El provincial jesuita, Cristián Del Campo, entregó ayer todos los detalles de la investigación por abusos sexuales contra 22 mujeres del ex capellán del Hogar de Cristo, que incluye ataques menores de edad, su participación en un aborto y seis parejas estables.

Fueron 22 las víctimas de abuso sexual que concluyó la investigación realizada contra el ex capellán del Hogar de Cristo, Renato Poblete, y que fueron confirmadas ayer por el provincial jesuita Cristián Del Campo.

Según especificó el informe, realizado por el abogado agnóstico Waldo Bown, todos los casos correspondían a mujeres, incluyendo el de la primera denunciante, Marcela Aranda, y de los cuales cuatro fueron cometidos contra menores de edad.

"Esta investigación ha demostrado de manera contundente que Renato Poblete abusó de manera reiterada, grave y sistemática, amparado en el poder que le otorgaba su condición de sacerdote, en el dinero que manejó de manera personal y en el prestigio que su labor apostólica le otorgó durante sus años como sacerdote", detalló Del Campo ayer en la tarde en una conferencia.

Pero eso no es todo. El escrito de 407 páginas más anexos, que realizó indagaciones entre el 12 de enero y el 26 de julio de 2019, también detalló que los abusos fueron realizados entre 1960 y el 2008, y que Poblete habría mantenido seis relaciones formales con mujeres, y no todas planteadas como denuncias en este proceso.

En cuanto a los abortos, el jesuita señaló que "aún cuando no se conoció de otros casos que involucraran abortos, el investigador consideró que en al menos uno de ellos habría antecedentes que corroboran la participación de Renato Poblete".

Renato Poblete

La investigación también fue clave para determinar la veracidad de las acusaciones realizadas por Aranda, catalogando su relato como "plausible" y "creíble", y que en el caso de los abusos sexuales estos pudieron ser comprobados gracias a los testigos que confirmaron la relación que existía entre ambos, además patrones de conducta recurrentes que solía realizar el acusado, que falleció en febrero del 2010.

Finalmente, el provincial jesuita fue enfático en señalar el arrepentimiento que ellos como comunidad sienten por este caso, y se comprometió a realizar una revisión profunda de las estructuras de gobierno y pastorales de la congregación, además de disponer de instancias que motiven al diálogo para denunciar cualquier otro caso correspondiente a abusos.

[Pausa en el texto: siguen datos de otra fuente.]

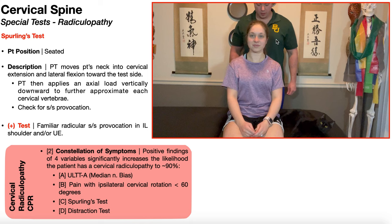In this example, we're going to assume that this patient has symptoms, particularly radicular type of symptoms, that are moving down into her left upper extremity. Now remember, in a classical cervical radiculopathy, there are three neck movements that normally increase radicular symptoms going down a particular upper extremity — in this case the left.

"Esta verdad que compartimos hoy con ustedes nos llena de vergüenza, por este y otros casos de abuso que involucran a miembros de la Compañía de Jesús (...) Queremos reiterar nuestra petición de perdón y nuestro compromiso a colaborar en el camino de sanación de quienes han sido heridos, y de contribuir a que estos hechos no se vuelvan a repetir", cerró Del Campo.